In European currency markets, the euro slipped 0.1% against the dollar to 1.1633 after remarks from Denmark's Foreign Minister Lars Lokke Rasmussen highlighted "fundamental disagreements" with the United States following discussions about Greenland's future. These talks involved Danish and Greenlandic officials meeting with U.S. Secretary of State Marco Rubio and Vice President JD Vance at the White House.
Despite this diplomatic tension, ING noted that the euro-dollar pair remains in a low volatility range near multiyear lows, with no immediate triggers expected to reverse the current trend, making a move towards 1.1600 unlikely at present.
The British pound edged slightly higher to 1.3440 against the dollar thanks to robust economic data from the UK. Official figures indicated a 0.3% expansion in the British economy in November, outperforming the anticipated 0.1% growth on a month-to-month basis.
ING analysts suggested that the recent correction in sterling since November may continue, but there is potential for further upward surprises, particularly with the December UK Consumer Price Index due for release next week.
Turning to Asian currencies, the Japanese yen weakened against the dollar, with USD/JPY rising 0.2% to 158.63, maintaining proximity to a one-and-a-half-year peak reached earlier this week at 159.45. The yen's softness has been attributed to speculation surrounding Prime Minister Sanae Takaichi's planned early election call in February.
Markets view the potential for a Takaichi-led administration as bearish for the yen given her support for expansive fiscal policies, including increased public spending and ongoing accommodative monetary policies.

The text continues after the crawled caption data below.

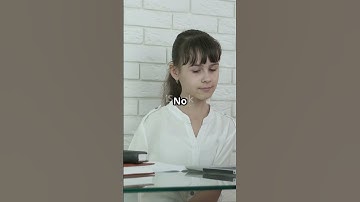 Make Money Online While You Sleep! 💰 (100% AI-Generated Video!) #ai  #aibusiness #makemoneyonline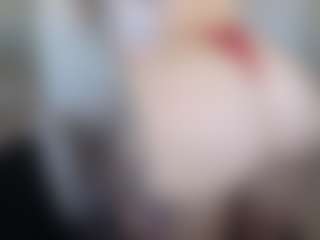 Libbyloveheart's Live Sex Cam Show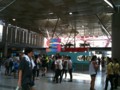 20100808112845
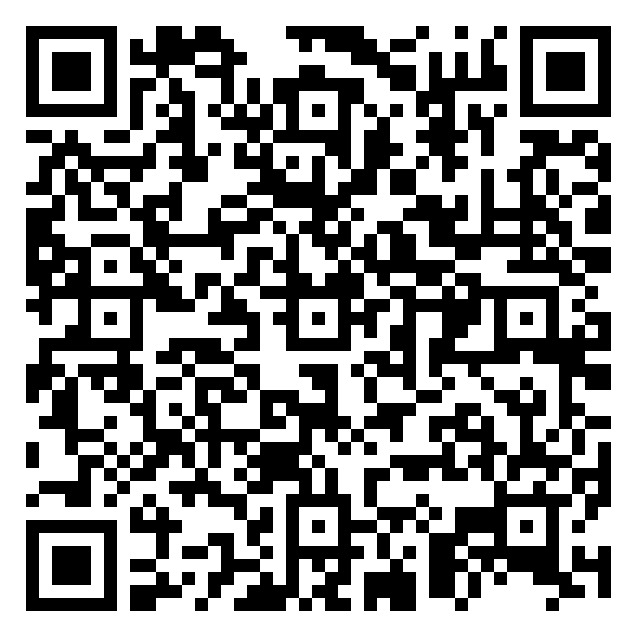 QR code 52182900500000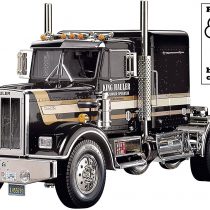 Freecom 56336 Mobile Drive XXS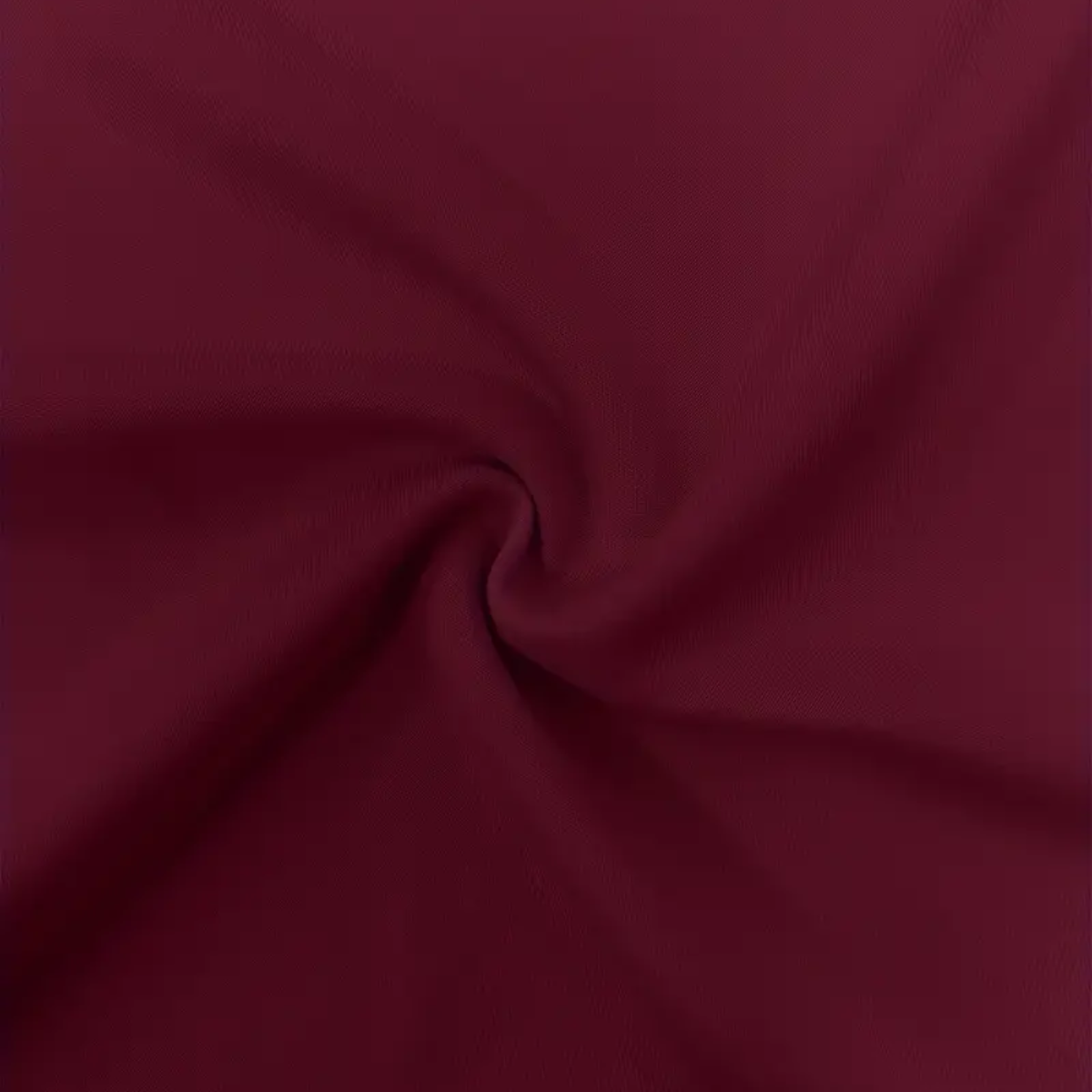 Robe Midi Femme Sans Manches Col Montant Élégante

Investors worry that such stimulus efforts could delay any policy normalization by the Bank of Japan, widen interest rate differentials with the U.S., and exert further downward pressure on the yen.
Elsewhere, the Chinese yuan eased slightly, as USD/CNY declined 0.1% to 6.9700. The Australian dollar gained 0.1%, reaching 0.6686 against the U.S. dollar, while the South Korean won appreciated by 0.5% to 1469.49 versus the greenback after previously falling 0.8%. This rebound followed reassuring comments from U.S. Treasury Secretary Scott Bessent, who remarked that the won's recent depreciation did not align with the nation's economic fundamentals.